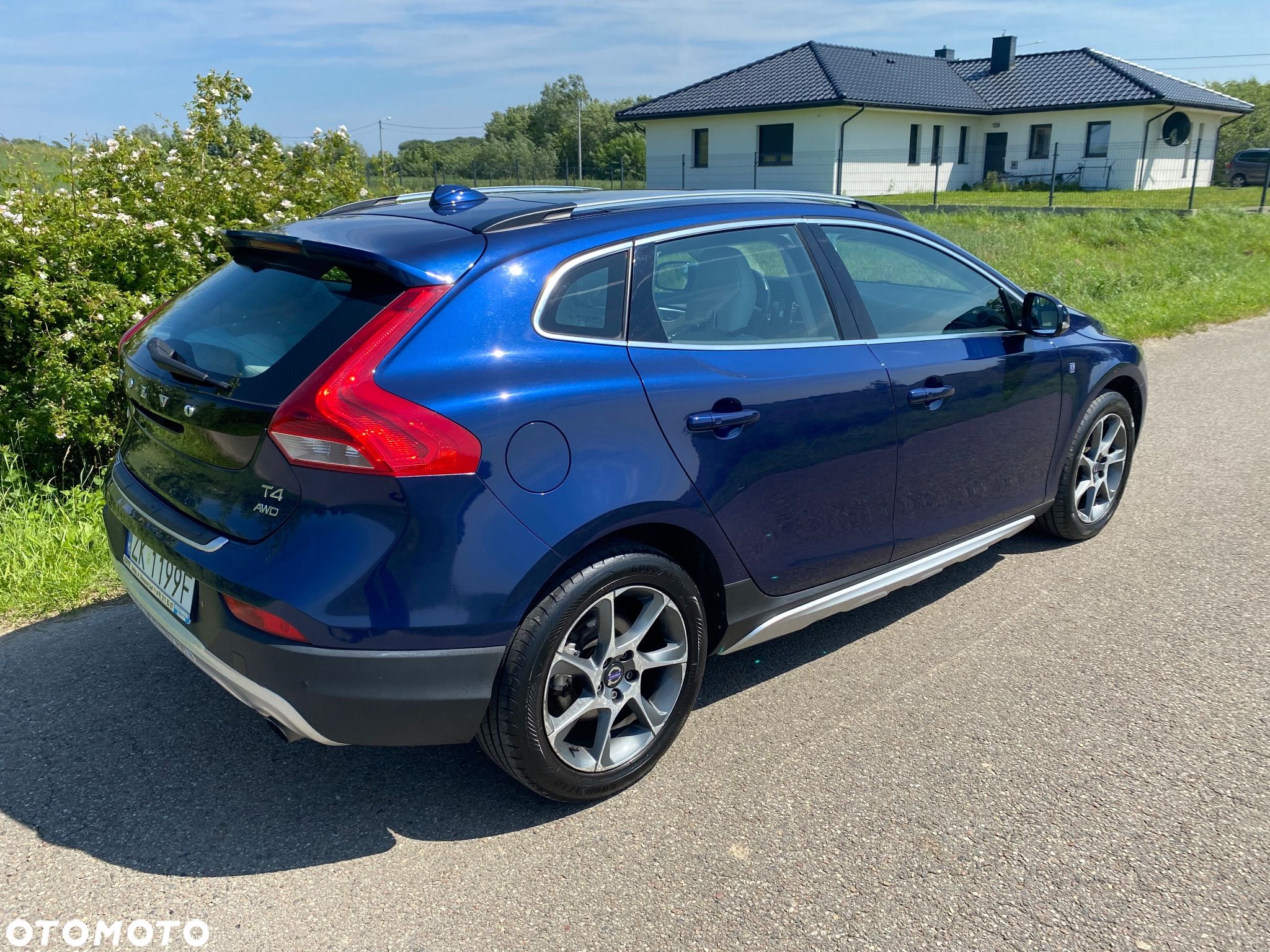 Volvo V40 Cross Country - 1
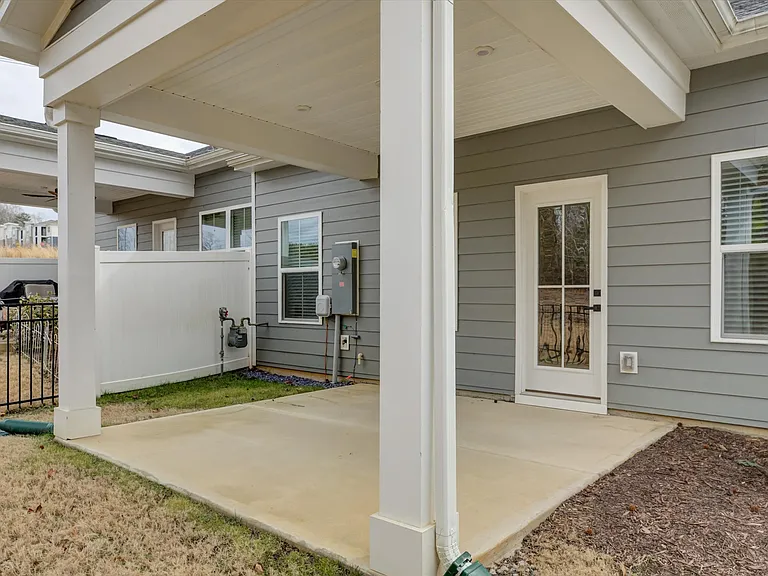 6377 Ashton Park Dr — Photo 44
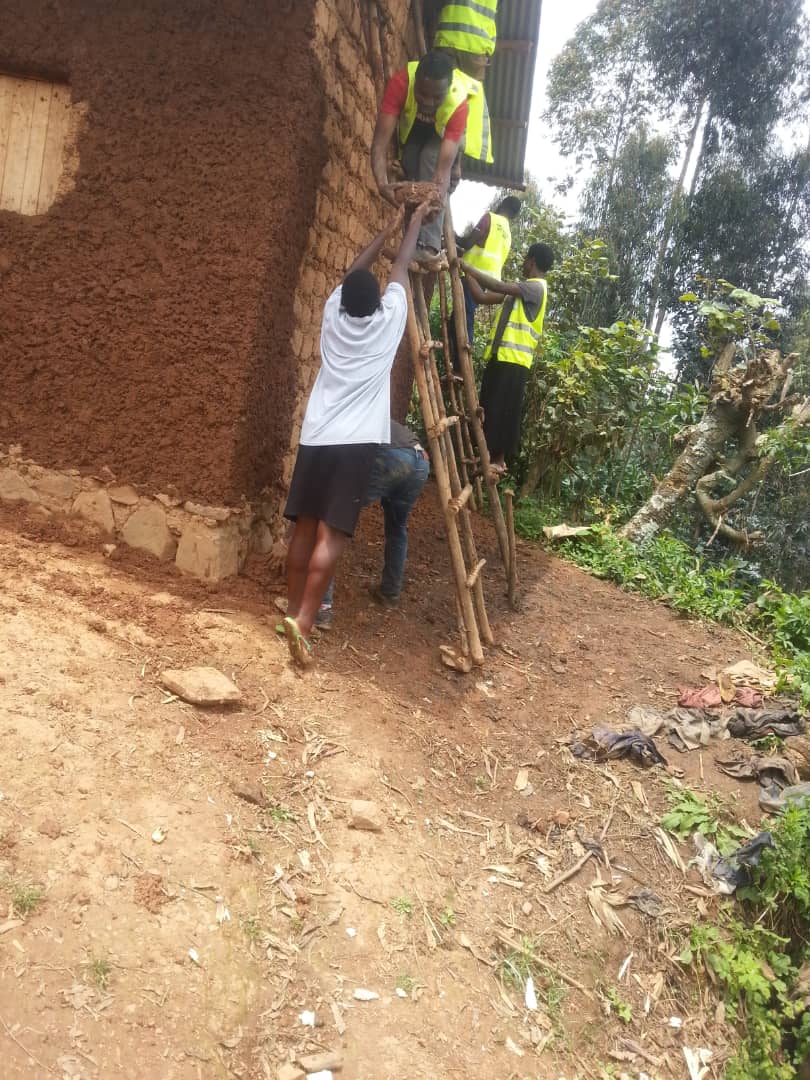 KamubugaS's tweet photo. @GakenkeDistrict Urubyiruko rw'abakorebushake hano @KamubugaS bakomeje kuza ku isonga mu gukemura ibibazo bibangamiye imibereho y'abaturage @NizeyimanaJmv13 @NyirarugeroD @MushaijaGeoffr3 @RwandaLocalGov @IGIHE https://t.co/lkRy4L6jLG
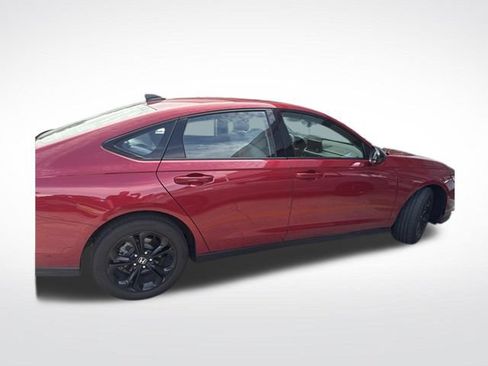 Used 2025 Honda Accord SE image 6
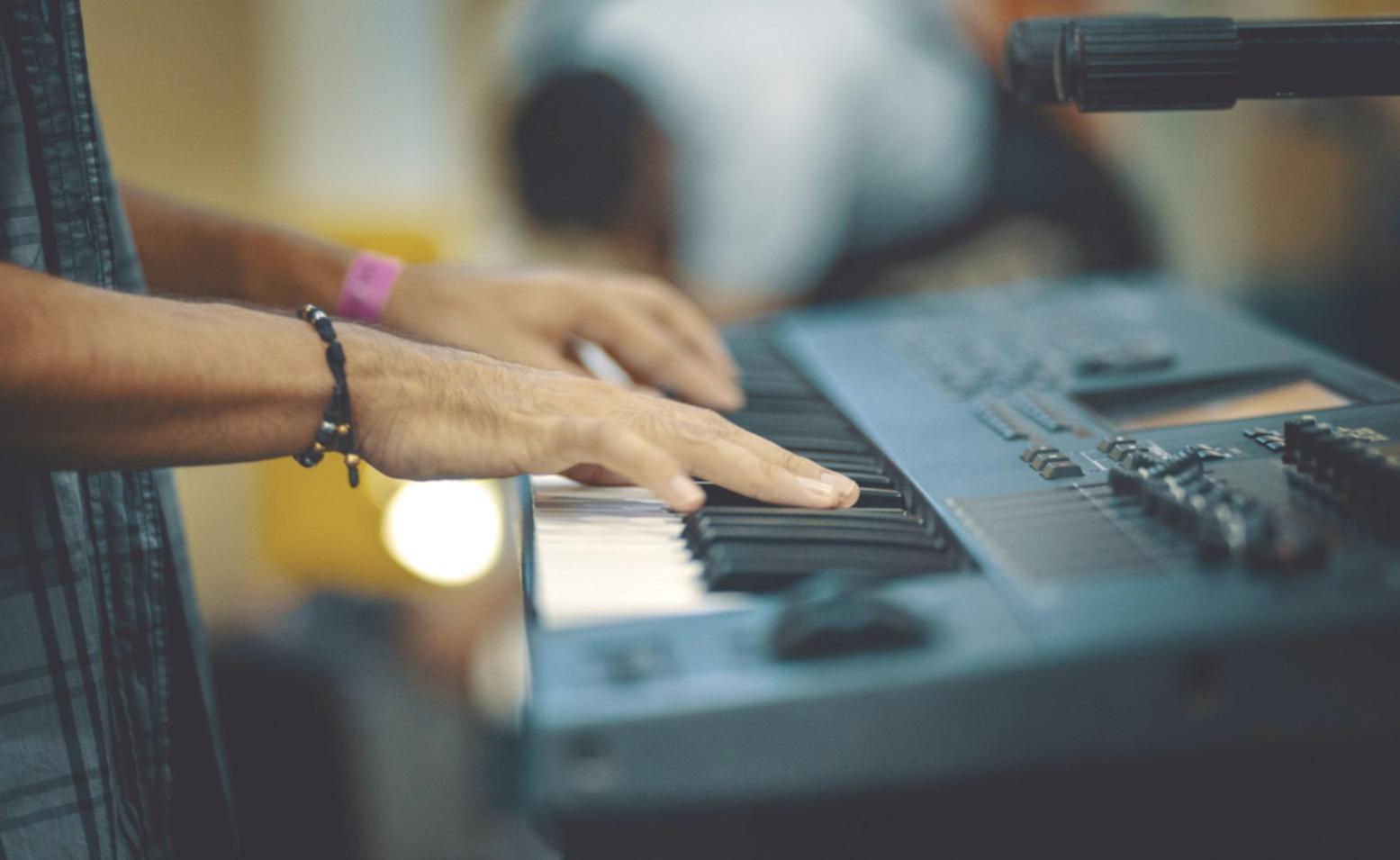 Studenti che lavorano su composizioni musicali in studio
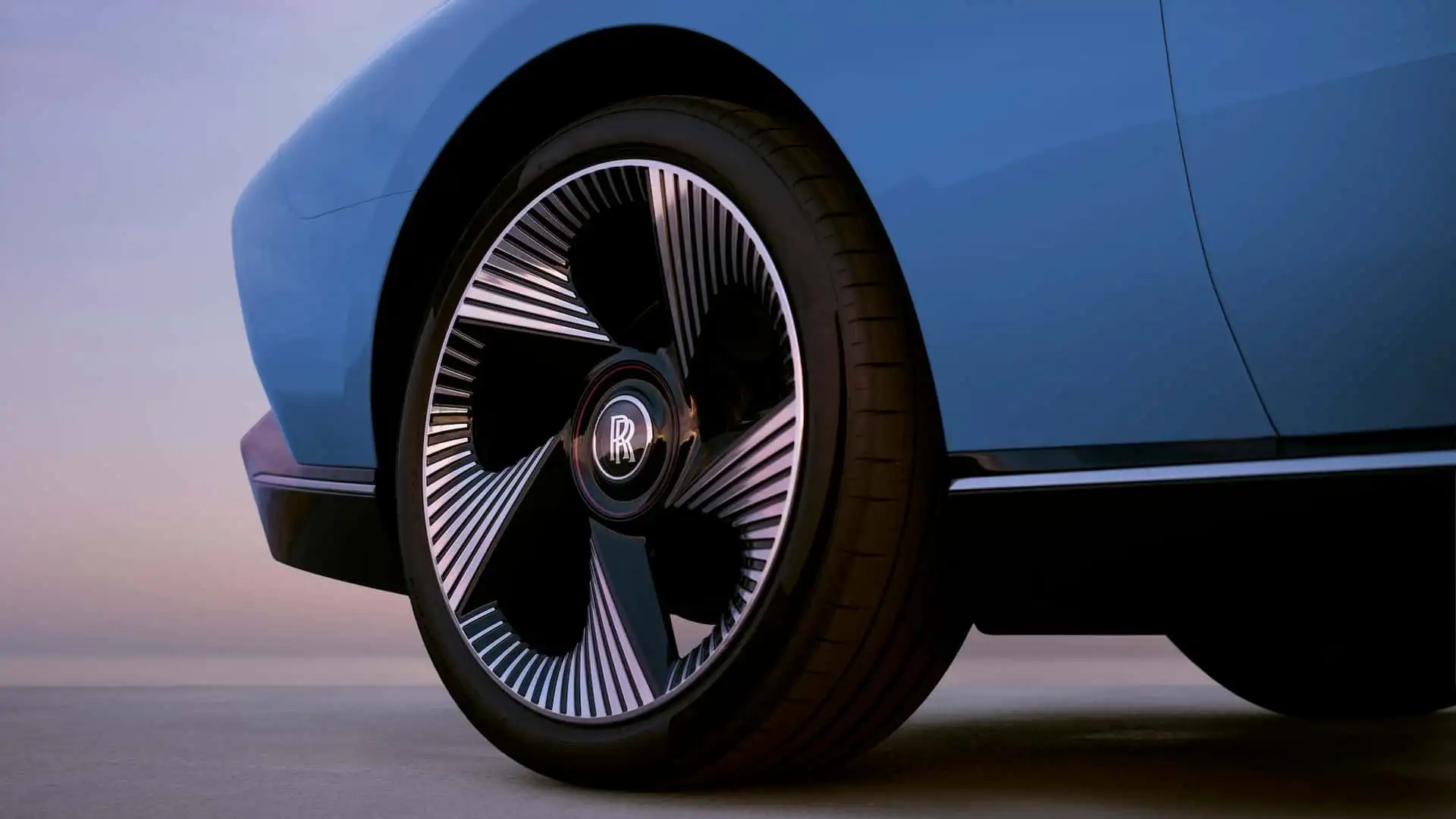 Rolls Royce Project Nightingale - Futuristic Radial Silver RR Alloy Wheel Blue Body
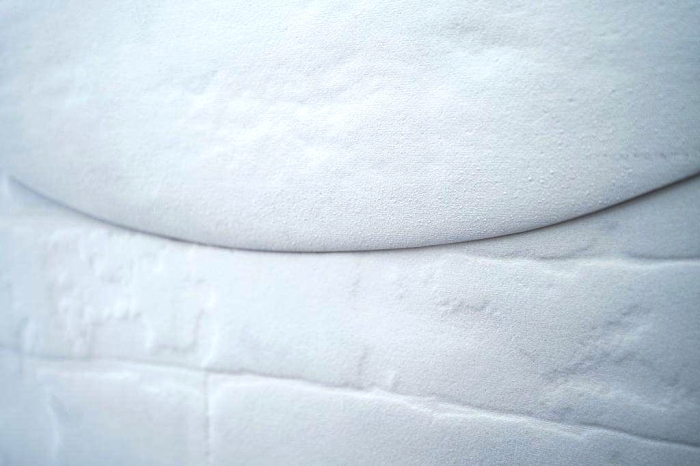 Фактурные стены, напоминающие лед и снег, сделаны с помощью технологии 2,5D-печати (кемпер Camakuruma). | Фото: spoon-tamago.com.
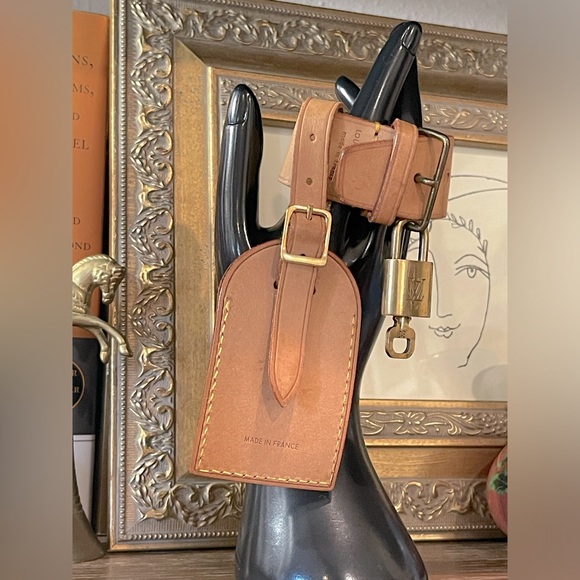 Louis Vuitton Vachetta Leather Luggage Name Tag Strap Holder, lock & key EUC 313 - Picture 5 of 9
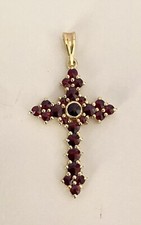 Ciondolo Croce in argento 925 placcato oro Granato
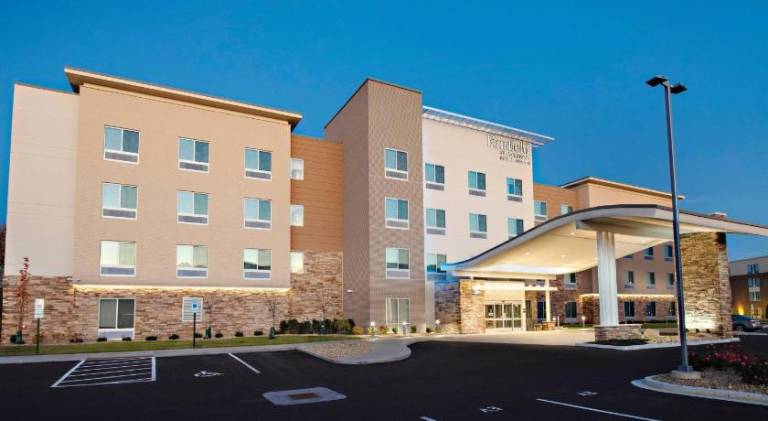 Fairfield by Marriott Inn & Suites Dayton North — photo 2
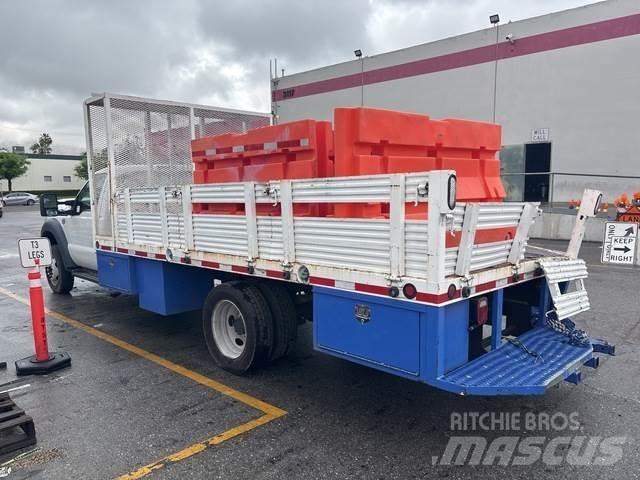 Ford F-450 Tovornjaki s kesonom/platojem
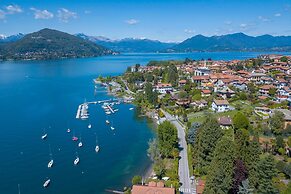 Cedar House Villa Few Minutes From Lake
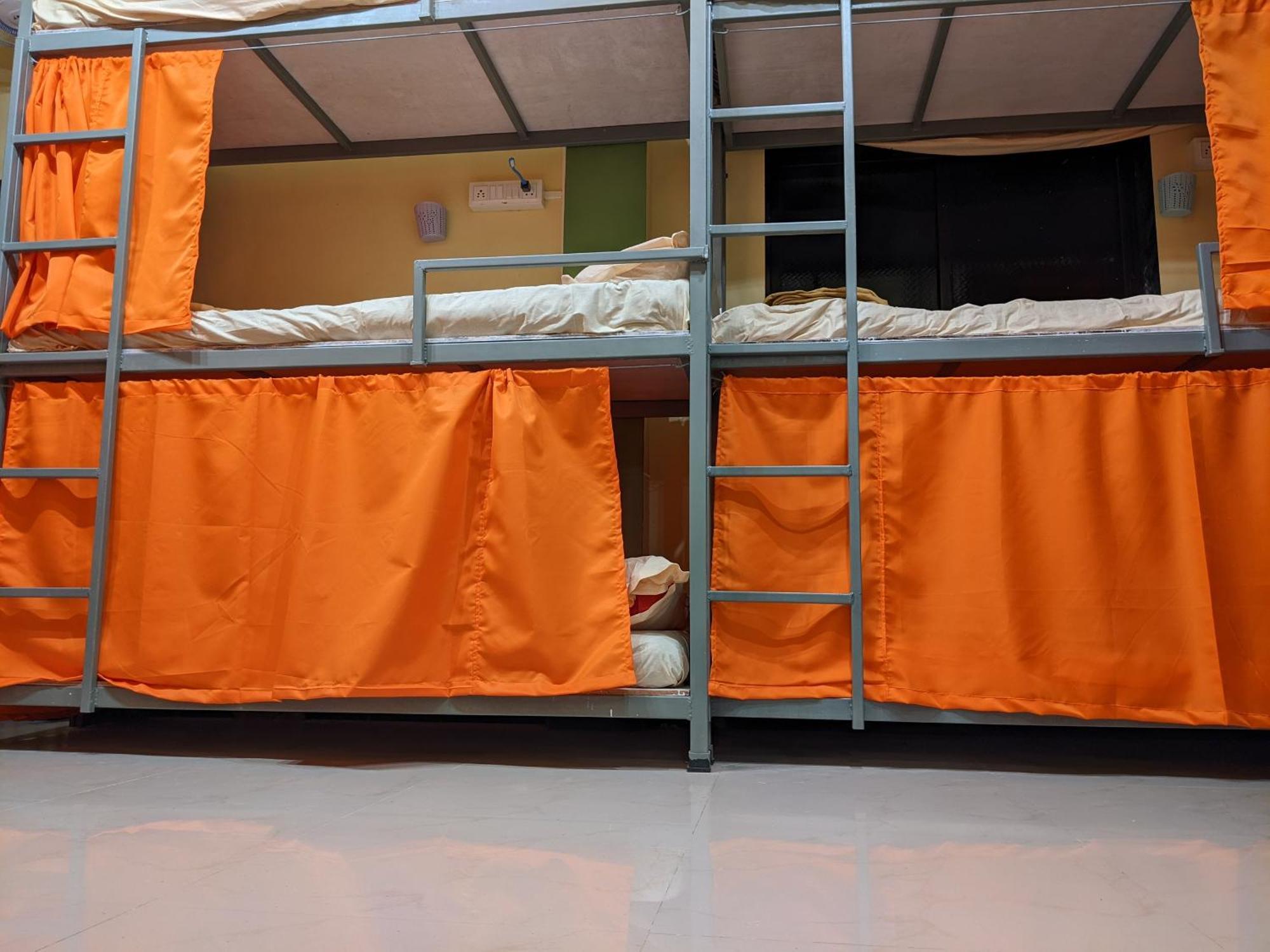 Awaara Backpackers Hostel, Alībāg Eksteriør bilde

Work instruction: Output exactly the lines of the listing above that start with the one holding "KamubugaS's tweet photo." and go on through the one holding "Фактурные стены, напоминающие"; leave the pictures out.

Task output:
 KamubugaS's tweet photo. @GakenkeDistrict Urubyiruko rw'abakorebushake hano @KamubugaS bakomeje kuza ku isonga mu gukemura ibibazo bibangamiye imibereho y'abaturage @NizeyimanaJmv13 @NyirarugeroD @MushaijaGeoffr3 @RwandaLocalGov @IGIHE https://t.co/lkRy4L6jLG
 Used 2025 Honda Accord SE image 6
 Studenti che lavorano su composizioni musicali in studio
 Rolls Royce Project Nightingale - Futuristic Radial Silver RR Alloy Wheel Blue Body
 Фактурные стены, напоминающие лед и снег, сделаны с помощью технологии 2,5D-печати (кемпер Camakuruma). | Фото: spoon-tamago.com.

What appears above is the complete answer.